Investors often told us that what drew them in initially was the fear that they would miss out on the next big thing. They'd read, with envy, the stories of people striking gold with Bitcoin and thought OneCoin was a second chance. Many were struck by the personality and persuasiveness of the "visionary" Dr Ruja. Investors might not have understood the technology, but they could see her talking to huge audiences, or at the Economist conference. They were shown photographs of her numerous degrees, and copies of Forbes magazine with her portrait on the front cover.

The degrees are genuine. The Forbes cover isn't: it was actually an inside cover - a paid-for advertisement - from Forbes Bulgaria, but once the real cover was ripped off, it looked impressive.

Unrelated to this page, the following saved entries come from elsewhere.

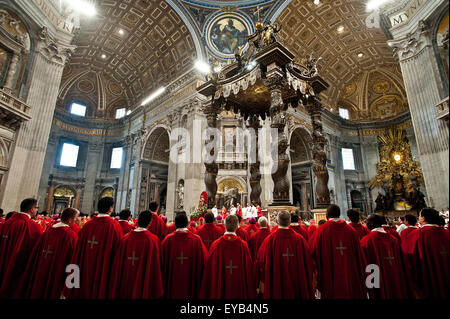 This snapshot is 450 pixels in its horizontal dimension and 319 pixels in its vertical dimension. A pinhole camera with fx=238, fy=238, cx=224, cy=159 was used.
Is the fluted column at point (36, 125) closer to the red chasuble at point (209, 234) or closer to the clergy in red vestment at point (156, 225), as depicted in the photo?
the clergy in red vestment at point (156, 225)

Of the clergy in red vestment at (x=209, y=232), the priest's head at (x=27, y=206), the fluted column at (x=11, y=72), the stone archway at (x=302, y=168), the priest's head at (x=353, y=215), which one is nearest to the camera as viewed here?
the priest's head at (x=27, y=206)

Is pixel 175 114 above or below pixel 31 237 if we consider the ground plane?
above

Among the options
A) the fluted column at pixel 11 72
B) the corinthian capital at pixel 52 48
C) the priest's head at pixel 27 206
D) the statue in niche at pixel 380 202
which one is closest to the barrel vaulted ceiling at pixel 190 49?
the corinthian capital at pixel 52 48

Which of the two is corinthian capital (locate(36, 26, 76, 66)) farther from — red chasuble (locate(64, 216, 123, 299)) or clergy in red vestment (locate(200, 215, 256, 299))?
clergy in red vestment (locate(200, 215, 256, 299))

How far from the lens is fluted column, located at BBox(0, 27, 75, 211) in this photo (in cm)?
845

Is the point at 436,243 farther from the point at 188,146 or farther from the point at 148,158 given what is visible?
the point at 148,158

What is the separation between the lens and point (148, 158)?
1873 centimetres

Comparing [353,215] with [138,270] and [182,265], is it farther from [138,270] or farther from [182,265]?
[138,270]

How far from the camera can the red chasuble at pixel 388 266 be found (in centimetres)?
266

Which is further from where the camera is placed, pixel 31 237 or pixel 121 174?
pixel 121 174

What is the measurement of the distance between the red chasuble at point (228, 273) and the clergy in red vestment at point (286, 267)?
21cm

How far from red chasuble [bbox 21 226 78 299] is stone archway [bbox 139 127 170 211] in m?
15.2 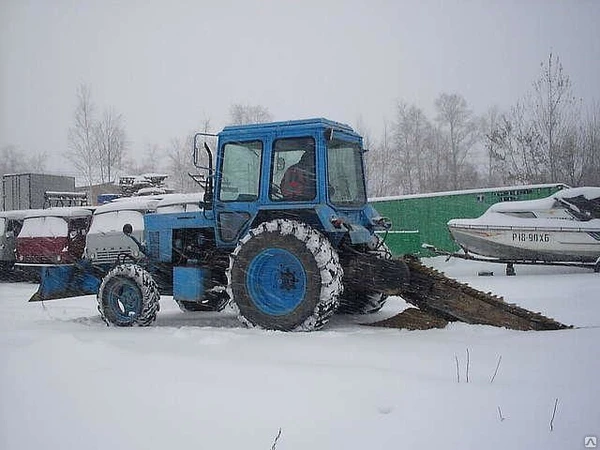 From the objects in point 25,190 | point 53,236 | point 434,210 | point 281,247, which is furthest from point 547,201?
point 25,190

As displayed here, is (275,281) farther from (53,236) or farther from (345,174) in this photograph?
(53,236)

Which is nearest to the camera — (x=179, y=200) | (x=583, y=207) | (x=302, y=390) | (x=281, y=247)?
(x=302, y=390)

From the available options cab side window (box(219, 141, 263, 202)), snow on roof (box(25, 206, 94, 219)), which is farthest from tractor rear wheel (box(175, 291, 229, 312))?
snow on roof (box(25, 206, 94, 219))

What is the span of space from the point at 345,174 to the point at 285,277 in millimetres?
1499

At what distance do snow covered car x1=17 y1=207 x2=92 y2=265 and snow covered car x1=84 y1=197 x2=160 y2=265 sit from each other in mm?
957

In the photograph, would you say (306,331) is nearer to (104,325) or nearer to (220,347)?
(220,347)

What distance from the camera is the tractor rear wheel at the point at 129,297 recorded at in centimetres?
652

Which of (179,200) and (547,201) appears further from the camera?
(179,200)

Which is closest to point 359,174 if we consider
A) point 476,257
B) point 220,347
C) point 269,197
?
point 269,197

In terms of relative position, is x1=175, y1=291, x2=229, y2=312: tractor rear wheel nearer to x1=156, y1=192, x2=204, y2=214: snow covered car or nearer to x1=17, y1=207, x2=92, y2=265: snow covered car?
x1=156, y1=192, x2=204, y2=214: snow covered car

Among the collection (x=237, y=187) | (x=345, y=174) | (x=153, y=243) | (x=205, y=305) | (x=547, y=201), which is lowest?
(x=205, y=305)

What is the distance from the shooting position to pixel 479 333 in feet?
17.4

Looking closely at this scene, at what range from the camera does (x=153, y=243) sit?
723 cm

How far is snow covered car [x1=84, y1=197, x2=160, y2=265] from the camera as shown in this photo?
13.1m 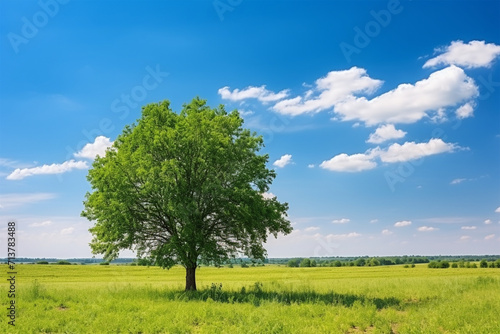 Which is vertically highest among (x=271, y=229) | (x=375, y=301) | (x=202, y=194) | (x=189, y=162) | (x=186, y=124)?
(x=186, y=124)

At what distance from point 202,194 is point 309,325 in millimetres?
13016

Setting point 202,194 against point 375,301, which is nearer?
point 375,301

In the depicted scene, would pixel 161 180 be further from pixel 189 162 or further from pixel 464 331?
pixel 464 331

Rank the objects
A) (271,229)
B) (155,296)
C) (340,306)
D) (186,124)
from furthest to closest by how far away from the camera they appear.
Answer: (271,229) → (186,124) → (155,296) → (340,306)

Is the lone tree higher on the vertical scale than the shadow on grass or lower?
higher

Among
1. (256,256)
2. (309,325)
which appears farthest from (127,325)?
(256,256)

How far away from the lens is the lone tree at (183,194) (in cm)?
2609

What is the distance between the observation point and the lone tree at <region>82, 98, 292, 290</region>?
2609 cm

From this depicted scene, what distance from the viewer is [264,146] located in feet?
100

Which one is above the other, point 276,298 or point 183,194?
point 183,194

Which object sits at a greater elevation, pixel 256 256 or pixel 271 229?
pixel 271 229

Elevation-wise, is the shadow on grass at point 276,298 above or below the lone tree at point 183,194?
below

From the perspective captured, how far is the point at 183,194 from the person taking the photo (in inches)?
1055

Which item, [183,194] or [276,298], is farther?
[183,194] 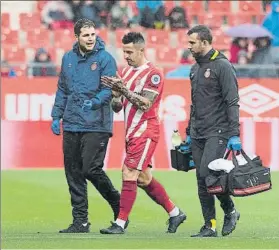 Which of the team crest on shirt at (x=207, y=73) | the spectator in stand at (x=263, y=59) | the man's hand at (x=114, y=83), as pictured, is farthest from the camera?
the spectator in stand at (x=263, y=59)

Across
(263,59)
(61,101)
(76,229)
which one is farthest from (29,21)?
(76,229)

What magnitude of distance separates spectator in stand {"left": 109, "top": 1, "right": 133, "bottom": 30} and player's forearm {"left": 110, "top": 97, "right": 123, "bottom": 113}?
14.2 metres

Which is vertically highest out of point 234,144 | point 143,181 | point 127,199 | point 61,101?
point 61,101

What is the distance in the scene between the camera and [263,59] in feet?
74.0

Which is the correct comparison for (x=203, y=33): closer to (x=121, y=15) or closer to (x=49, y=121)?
(x=49, y=121)

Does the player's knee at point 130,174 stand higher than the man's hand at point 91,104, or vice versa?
the man's hand at point 91,104

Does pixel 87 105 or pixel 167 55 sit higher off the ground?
pixel 167 55

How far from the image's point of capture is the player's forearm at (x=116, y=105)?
1184 centimetres

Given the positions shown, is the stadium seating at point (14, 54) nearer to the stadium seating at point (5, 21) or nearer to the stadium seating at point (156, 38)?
the stadium seating at point (5, 21)

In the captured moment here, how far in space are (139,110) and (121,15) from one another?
14.6 m

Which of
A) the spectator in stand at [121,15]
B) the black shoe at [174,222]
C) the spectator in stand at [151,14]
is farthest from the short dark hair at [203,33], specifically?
the spectator in stand at [121,15]

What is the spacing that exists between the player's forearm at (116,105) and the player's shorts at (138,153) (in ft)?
1.02

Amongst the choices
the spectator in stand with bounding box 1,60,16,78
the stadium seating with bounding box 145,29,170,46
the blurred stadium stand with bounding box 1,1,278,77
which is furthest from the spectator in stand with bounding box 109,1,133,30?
the spectator in stand with bounding box 1,60,16,78

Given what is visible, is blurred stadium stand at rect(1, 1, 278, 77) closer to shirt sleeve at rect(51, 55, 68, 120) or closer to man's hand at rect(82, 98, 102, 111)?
shirt sleeve at rect(51, 55, 68, 120) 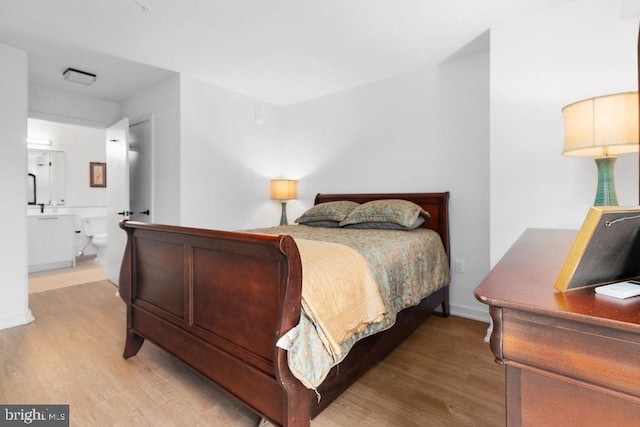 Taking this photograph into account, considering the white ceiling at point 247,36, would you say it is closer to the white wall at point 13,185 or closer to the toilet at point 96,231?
the white wall at point 13,185

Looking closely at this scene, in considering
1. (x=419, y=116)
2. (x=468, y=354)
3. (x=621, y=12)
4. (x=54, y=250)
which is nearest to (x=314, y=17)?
(x=419, y=116)

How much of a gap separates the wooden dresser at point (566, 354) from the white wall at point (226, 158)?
3072mm

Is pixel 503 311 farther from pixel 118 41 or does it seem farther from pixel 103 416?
pixel 118 41

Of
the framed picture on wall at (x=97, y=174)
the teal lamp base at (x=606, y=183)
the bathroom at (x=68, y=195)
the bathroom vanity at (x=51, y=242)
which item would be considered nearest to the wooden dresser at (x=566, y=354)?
the teal lamp base at (x=606, y=183)

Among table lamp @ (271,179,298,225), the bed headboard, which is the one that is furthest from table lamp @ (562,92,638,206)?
table lamp @ (271,179,298,225)

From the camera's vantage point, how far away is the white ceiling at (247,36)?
2.09 meters

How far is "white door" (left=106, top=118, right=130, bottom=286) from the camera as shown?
3.57 metres

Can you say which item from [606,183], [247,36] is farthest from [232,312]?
[247,36]

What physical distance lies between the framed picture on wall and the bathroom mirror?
41 centimetres

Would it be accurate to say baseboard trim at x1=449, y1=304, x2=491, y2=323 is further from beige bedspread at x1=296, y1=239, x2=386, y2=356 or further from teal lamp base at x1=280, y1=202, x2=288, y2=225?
teal lamp base at x1=280, y1=202, x2=288, y2=225

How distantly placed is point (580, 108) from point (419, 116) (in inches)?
67.7

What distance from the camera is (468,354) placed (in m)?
2.15

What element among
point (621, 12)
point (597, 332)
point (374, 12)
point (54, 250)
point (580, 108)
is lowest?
point (54, 250)

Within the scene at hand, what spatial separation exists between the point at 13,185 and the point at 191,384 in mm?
2350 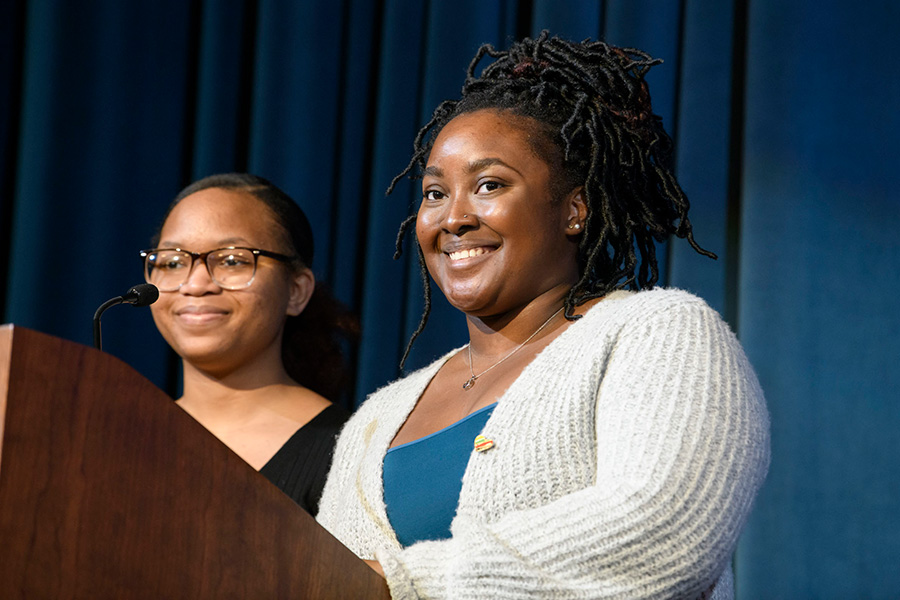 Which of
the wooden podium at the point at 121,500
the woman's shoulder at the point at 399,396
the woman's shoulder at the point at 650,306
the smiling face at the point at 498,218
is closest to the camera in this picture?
the wooden podium at the point at 121,500

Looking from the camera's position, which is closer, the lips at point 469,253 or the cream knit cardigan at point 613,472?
the cream knit cardigan at point 613,472

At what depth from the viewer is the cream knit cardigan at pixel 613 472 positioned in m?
1.00

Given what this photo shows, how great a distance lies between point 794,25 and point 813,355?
2.42 feet

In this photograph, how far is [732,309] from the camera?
2211 millimetres

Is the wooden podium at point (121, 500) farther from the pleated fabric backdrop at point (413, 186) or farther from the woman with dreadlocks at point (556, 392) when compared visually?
the pleated fabric backdrop at point (413, 186)

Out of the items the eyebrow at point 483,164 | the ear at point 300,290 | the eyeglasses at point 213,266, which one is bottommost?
the ear at point 300,290

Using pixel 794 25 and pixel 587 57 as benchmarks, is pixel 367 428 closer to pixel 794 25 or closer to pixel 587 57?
pixel 587 57

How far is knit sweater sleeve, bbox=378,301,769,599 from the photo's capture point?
993 millimetres

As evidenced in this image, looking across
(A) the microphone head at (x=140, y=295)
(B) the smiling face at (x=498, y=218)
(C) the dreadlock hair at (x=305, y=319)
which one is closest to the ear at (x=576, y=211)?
(B) the smiling face at (x=498, y=218)

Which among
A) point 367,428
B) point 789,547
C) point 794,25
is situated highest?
point 794,25

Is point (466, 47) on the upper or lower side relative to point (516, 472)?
upper

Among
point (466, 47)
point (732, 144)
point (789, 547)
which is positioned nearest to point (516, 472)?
point (789, 547)

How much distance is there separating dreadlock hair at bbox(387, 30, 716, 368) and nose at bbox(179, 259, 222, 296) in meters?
0.75

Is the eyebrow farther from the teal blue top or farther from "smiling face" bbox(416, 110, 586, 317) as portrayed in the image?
the teal blue top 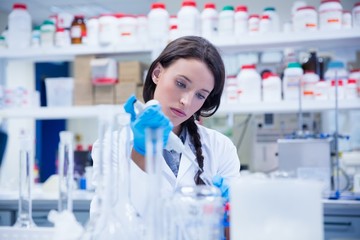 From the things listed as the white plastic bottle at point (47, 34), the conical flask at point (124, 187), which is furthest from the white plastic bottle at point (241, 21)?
the conical flask at point (124, 187)

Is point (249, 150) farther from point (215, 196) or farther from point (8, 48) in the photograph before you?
point (215, 196)

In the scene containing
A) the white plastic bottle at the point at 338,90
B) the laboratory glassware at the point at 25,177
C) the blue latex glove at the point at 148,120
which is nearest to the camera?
the blue latex glove at the point at 148,120

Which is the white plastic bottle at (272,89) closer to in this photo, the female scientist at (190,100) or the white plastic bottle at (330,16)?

[Also an ex-McKinsey consultant. That may be my favorite detail. -- MP]

But it seems it's not just the promise of riches that keeps people believing. After Jen McAdam invested into OneCoin she was constantly told she was part of the OneCoin "family". She was entered into a Whatsapp group, with its own "leader" who disseminated information from the headquarters in Sofia. And McAdam's leader prepared her carefully for conversations with OneCoin sceptics. "You're told not to believe anything from the 'outside world'," she recalls. "That's what they call it. 'Haters' - Bitcoiners are 'haters'. Even Google - 'Don't listen to Google!'" Any criticism or awkward questions were actively discouraged. "If you have any negativity you should not be in this group," she was told.